— SUPPLIED RECORDS —
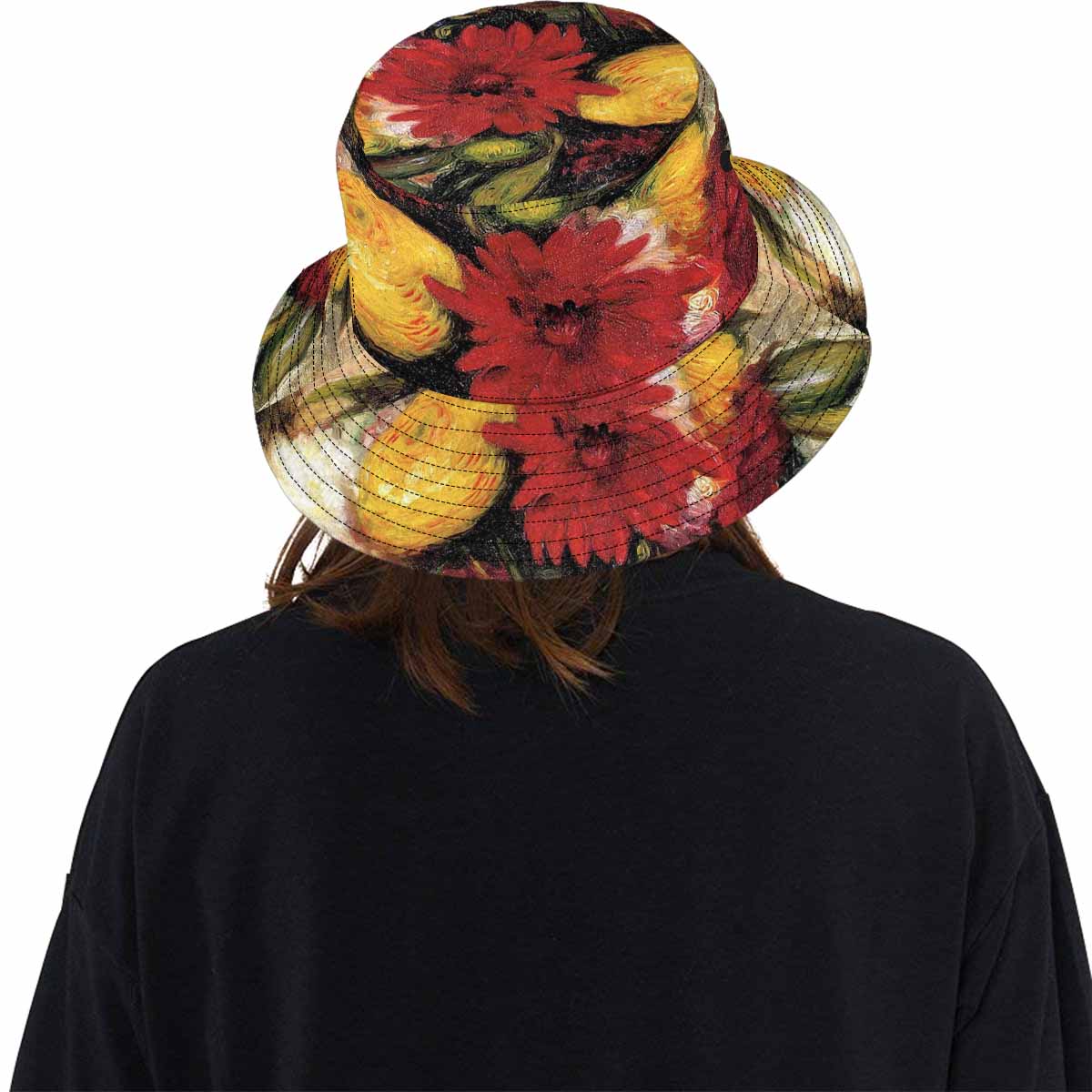 Vintage floral unisex bucket boonie Hat, outdoors hat, Design 25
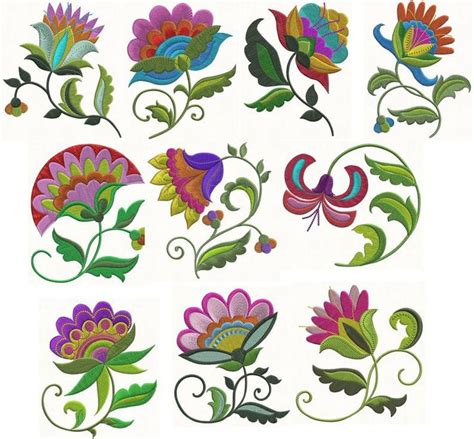 Colorful Folk Art Flower Embroidery Designs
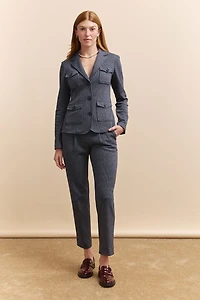 Pantalon à plis taille élastique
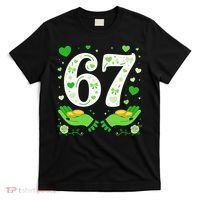 67 St Patricks Day Shamrock Clover Hands 6-7 Meme T-Shirt thumb 0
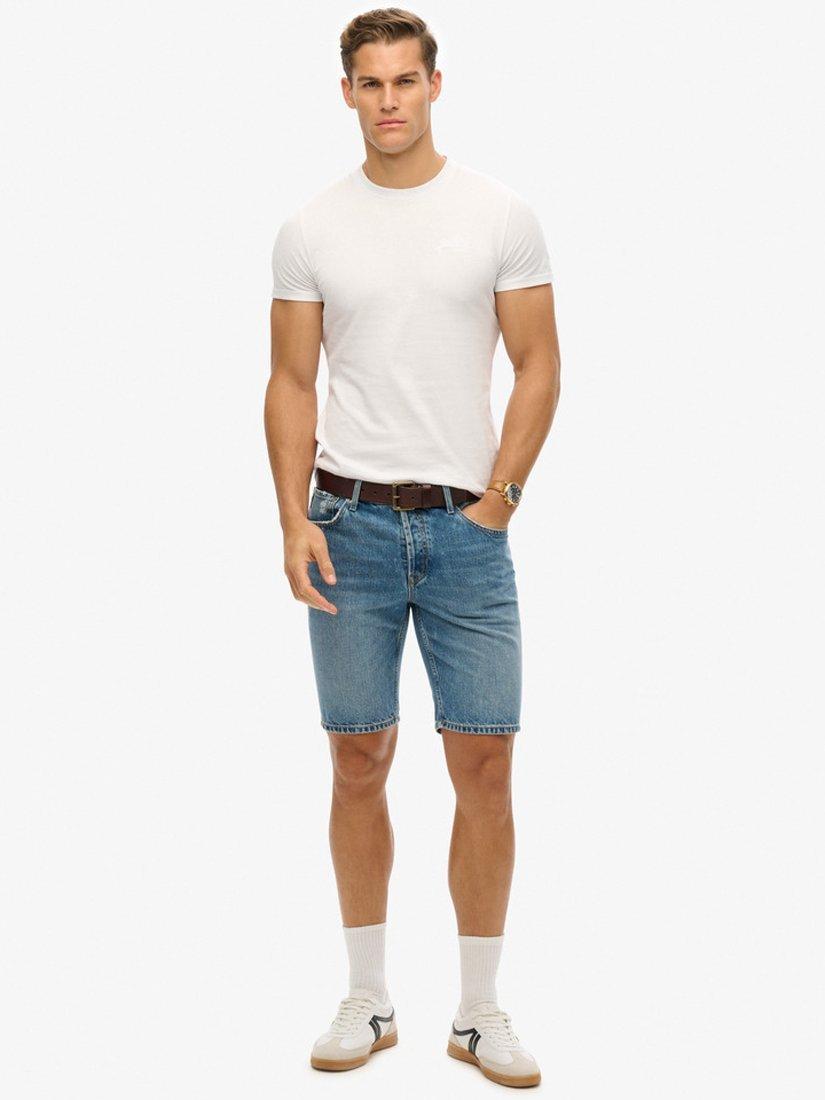 Superdry Vintage Straight Shorts, Vintage Mid Blue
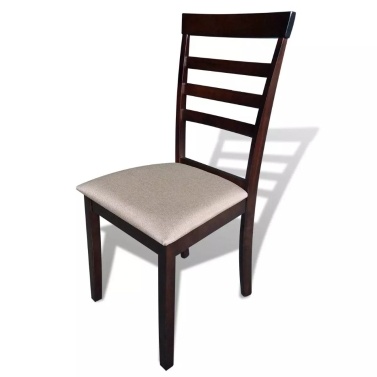 Обеденные стулья 4 шт. Ткань Браун и сливки
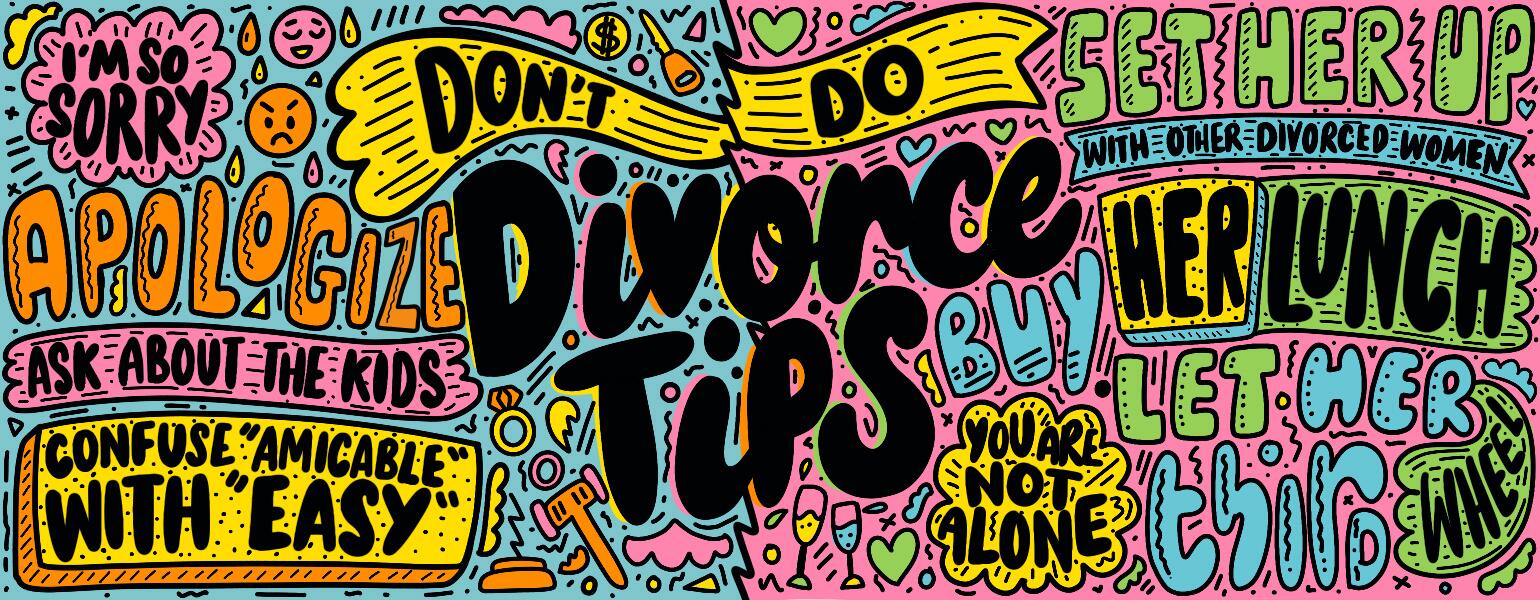 illustration of words for divorce tips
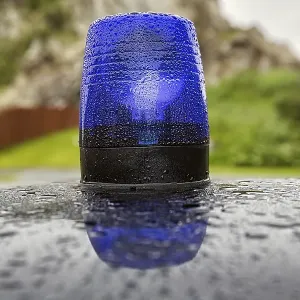 Blue Light on a Classic Car Roof, Norway Print Blue Light on a Classic Car Roof, Norway Print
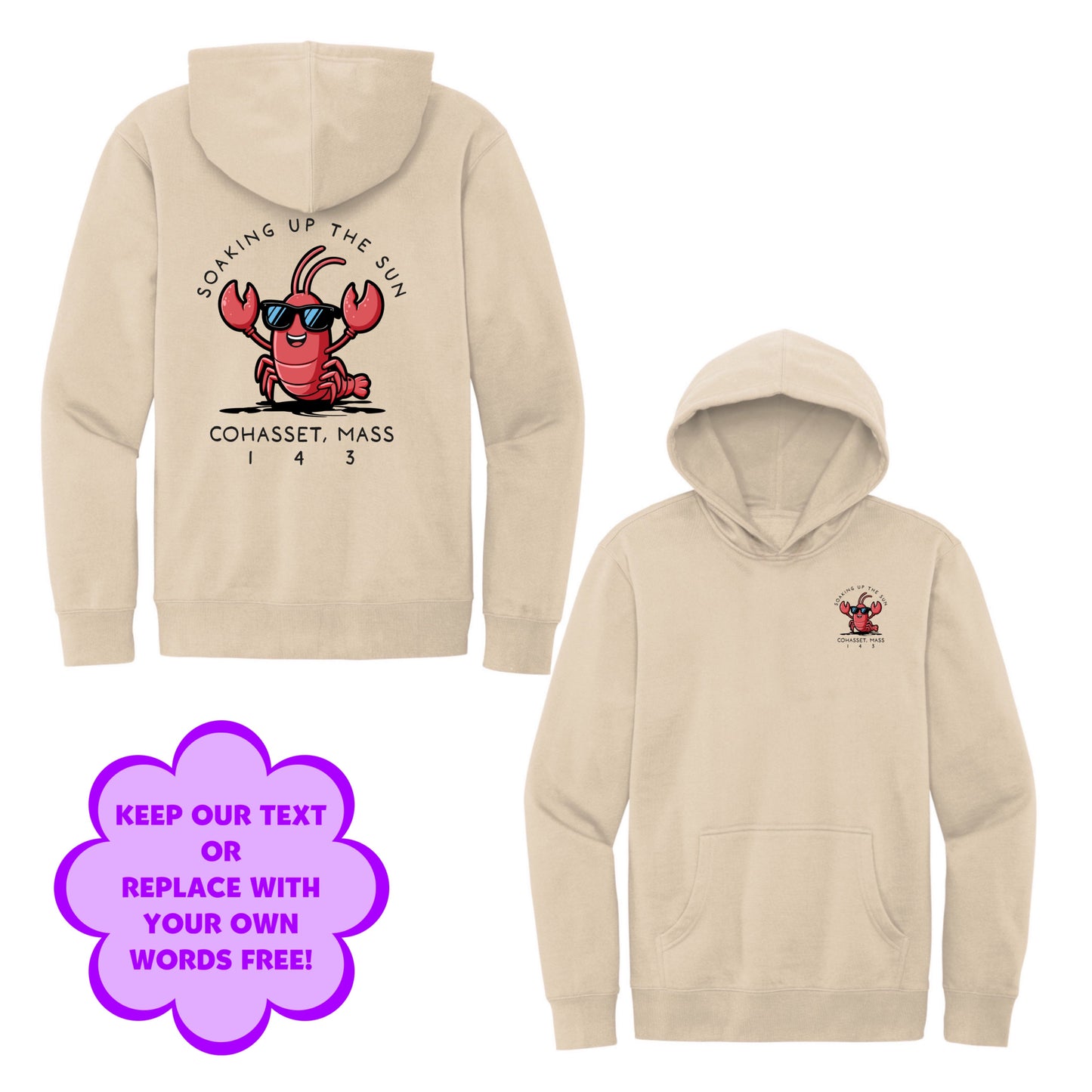 Personalize Free Beach Lobster, Cohasset, Adult Fleece Hoodies from Baby Squid Ink 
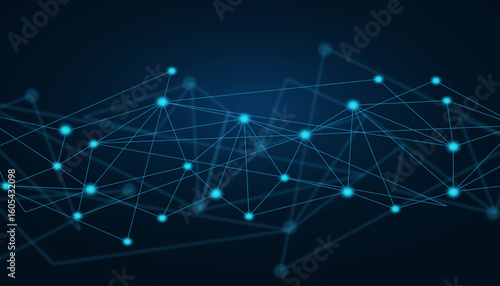 Low Poly Background on Dark Blue Gradient. Modern, Geometric, and Minimalist Abstract Design for Digital Art, 3D Modeling, Wallpapers, and Futuristic Graphics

— WORK REQUEST —
Reproduce the full listing faithfully, but do not carry over any pictures.

— OUTPUT FOR THIS TASK —
 Vintage floral unisex bucket boonie Hat, outdoors hat, Design 25
 Colorful Folk Art Flower Embroidery Designs
 Pantalon à plis taille élastique
 67 St Patricks Day Shamrock Clover Hands 6-7 Meme T-Shirt thumb 0
 Superdry Vintage Straight Shorts, Vintage Mid Blue
 Обеденные стулья 4 шт. Ткань Браун и сливки
 illustration of words for divorce tips
 Blue Light on a Classic Car Roof, Norway Print Blue Light on a Classic Car Roof, Norway Print
 Personalize Free Beach Lobster, Cohasset, Adult Fleece Hoodies from Baby Squid Ink 
 Low Poly Background on Dark Blue Gradient. Modern, Geometric, and Minimalist Abstract Design for Digital Art, 3D Modeling, Wallpapers, and Futuristic Graphics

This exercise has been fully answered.